G.N.Ç. “Niye yazıyorum ki bunca şiiri sana?/ Saydım, sayılmadım/Sevdim, sevilmedim/İnsanlığım… Havada kaldı!/Niye havaya girdim ki/Fol yok, yumurta yokken ortada?” Niye yazıyorsun bunca şiiri?
M.S. Şiirle ilgilenmeye başladığımda bu kadar derdim, sıkıntım yoktu. Maddi-manevi daha hafif bir hayat sürüyordum. Sonra işin şekli değişti ve ağırlaştı sorunlar. Sorunlar ağırlaşınca, şiir de ağırlaştı. Zaman zaman ağzı bozuldu şiirimin. İnsanlar ve sorunlar değişti ama şiir hep kaldı bu arada. İyi ki kaldı zira şiirin/edebiyatın gitmesini hazmetmem mümkün değildi.
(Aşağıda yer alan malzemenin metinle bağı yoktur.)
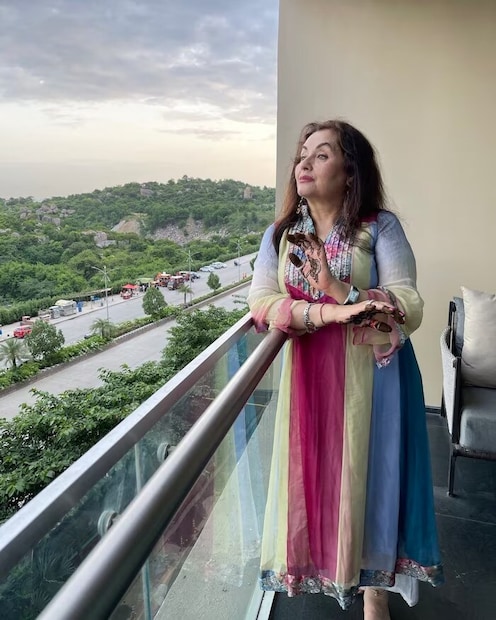 सलमा त्या काळात तिच्या वैयक्तिक आयुष्यामुळे खूप चर्चेत राहिली होती. या अभिनेत्रीचं नाव सगळ्यात आधी न्यूयॉर्कचे बिझनेसमन महमूद सिप्रा यांच्याशी जोडलं गेलं, ज्यामुळे तिने आपलं करिअर पण पणाला लावलं होतं. पण तिचं हे नातंही अयशस्वी ठरलं आणि ती चित्रपटांमध्येही फ्लॉप झाली.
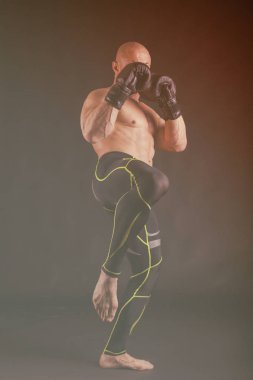 Kas ve formda genç vücut geliştirmeci fitness erkek model Ove poz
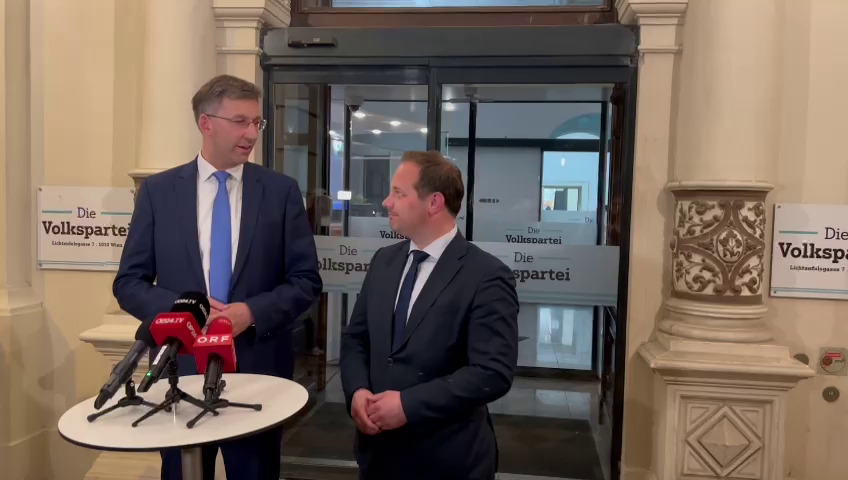 Über den Ausgang der Regierungsverhandlungen sind Markus Figl (rechts) und Daniel Resch enttäuscht.
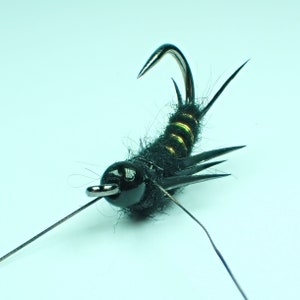 Ninfa de mosca de piedra negra, acanalada, color cobre y chartreuse. Ninfa con peso sin rebaba. Patrón ideal para imitar ninfas de mosca del salmón. Un regalo para pescadores con mosca.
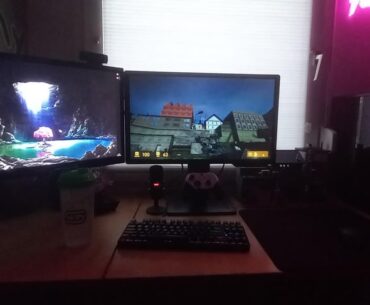 Finally got a monitor arm and some decorations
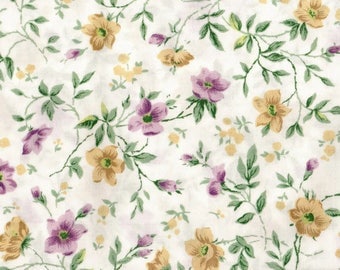 Vintage Pair Laura Ashley Twin Standard (2) Floral Pillowcases Mauve Yellow Green Flowers Cream Pillow Cases New Old Stock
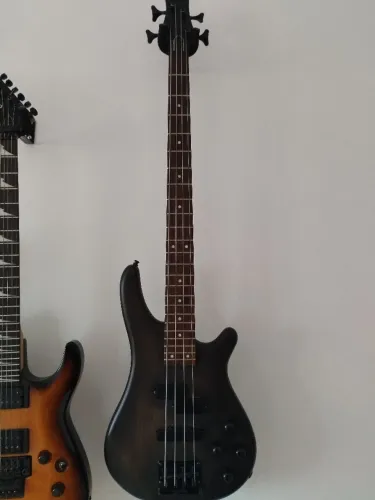 baixo ativo Memphis Tagima TB440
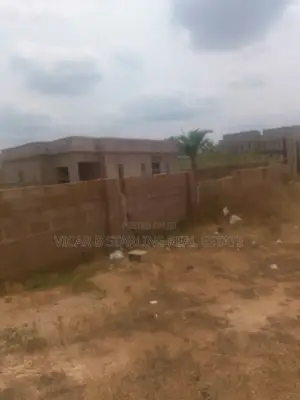 A Building on 3 Plots of Land at Centinary City, Abakaliki for Sale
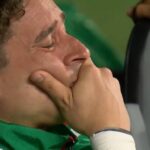 Guillermo Ochoa sa na lavičke Mexika rozplakal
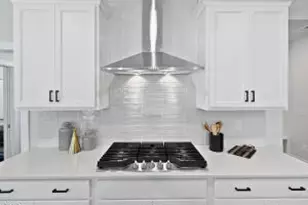 726 Beacon Hl Rd, Lillington, NC 27546 - Photo 9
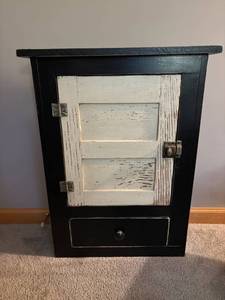 lot 219 image: Smaller Vintage Style Cabinet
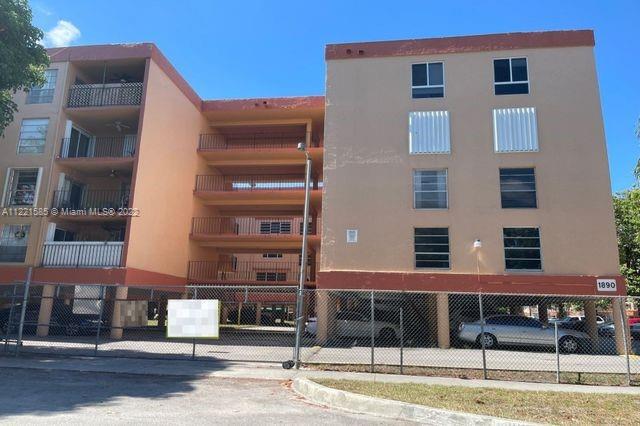 PALM-EAST GARDENS CONDO - Residential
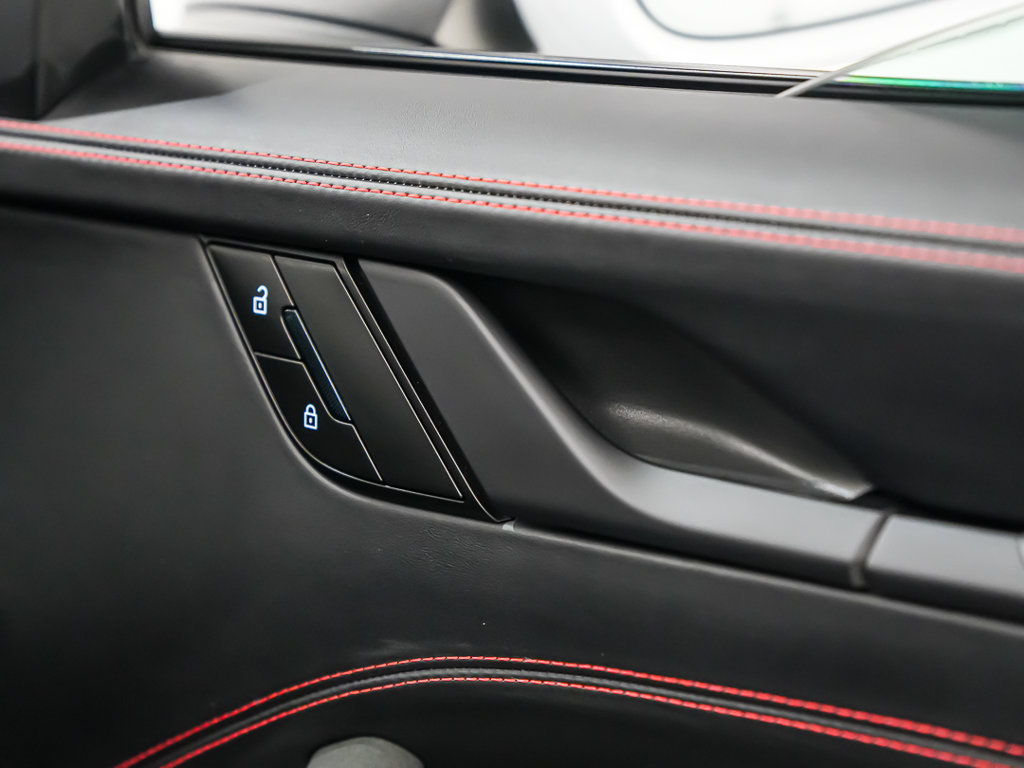 Certified 2025 Porsche 911 Carrera 4 GTS AWD/4WD image 15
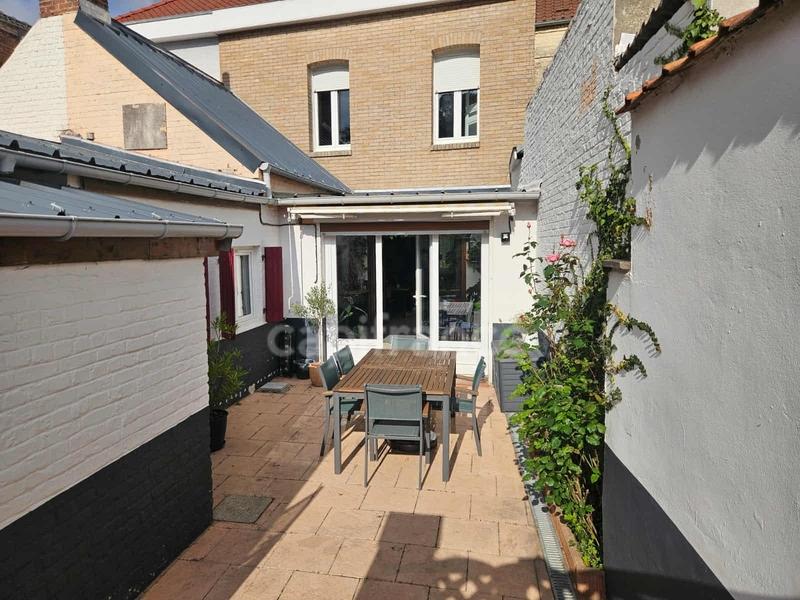 Maison - 137 m² - 6 pièces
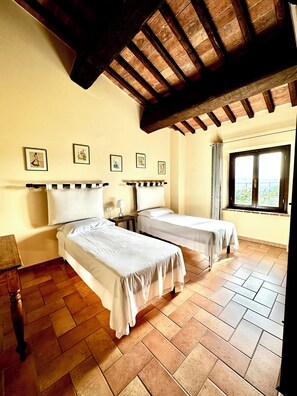 2 camere, ferro/asse da stiro, lenzuola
En ünlü isimler bile; edebiyatın kalıcı olabilmesi için edebiyatçının bir biçimde sıkıntı çekmesini önermiyor mu? Varsın üzülüp kırılayım, gecelerce uykusuz kalayım; dikkat ettim de bu sırada, kalemim güçleniyor! Çok ilginç biliyor musun; birine kırk kadar şiir yazmışım ve bıçakla tam ortadan ikiye bölünmüş gibi, yarısı olumlu yarısı olumsuz bunların.
G.N.Ç. “Haydi/Bir sevgili edin de kendine/Öpüş, koklaş!/Kendine güvenin gelir de bir/Bırakırsın bu şiirleri?” Bir aşk şaire şiiri bıraktırabilir mi?
M.S. 2017 TÜYAP İzmir Kitap Fuarı günleriydi. Gülce (Başer) ile Yasakmeyve-Komşu Yayınları stantındaydık ve yine bir gün beni erken göndermek istedi o. Ben de direndim tekrar gitmemek için ama o esprili bir sertlikle ‘Gitsene sen! Git, deniz kenarına in. Orada bir kadına aşık ol…’ diyerek çıkıştı bana. ‘Ben mi?..’ diye sordum; hayret dolu gözlerle bana baktı Gülce. O gün, o akşam bana nazar değmesin diye çantama taktığı nazar boncuğunu, tam üç buçuk yıldır çıkarmadım yerinden. Kendimde hiçbir zaman bulamadığım, bulamayacağım bir güç o… Az önce de belirttim, işimiz çokluk insanla bizim; benim de! Sürekli bir şeyleri yoluna koymaya, birilerini hizaya getirmeye çalışıyoruz; çalışıyorum. Evet, çoğunlukla haklıyız ama zaman zaman ‘bu gerginlik niye, değer mi buna…’ diye de sormuyor değilim kendime. Yumuşamaya, evcilleşmeye ihtiyacım olduğu kesin fakat bu nerede ve ne zaman olur bilmiyorum. Gerçekten sıkıldım bu gerginlikten ancak yine az önce yazdığım gibi şiiri bırakmak mı, asla! Pembe panjurlu şiirler yazarım o vakit de, belli mi olur?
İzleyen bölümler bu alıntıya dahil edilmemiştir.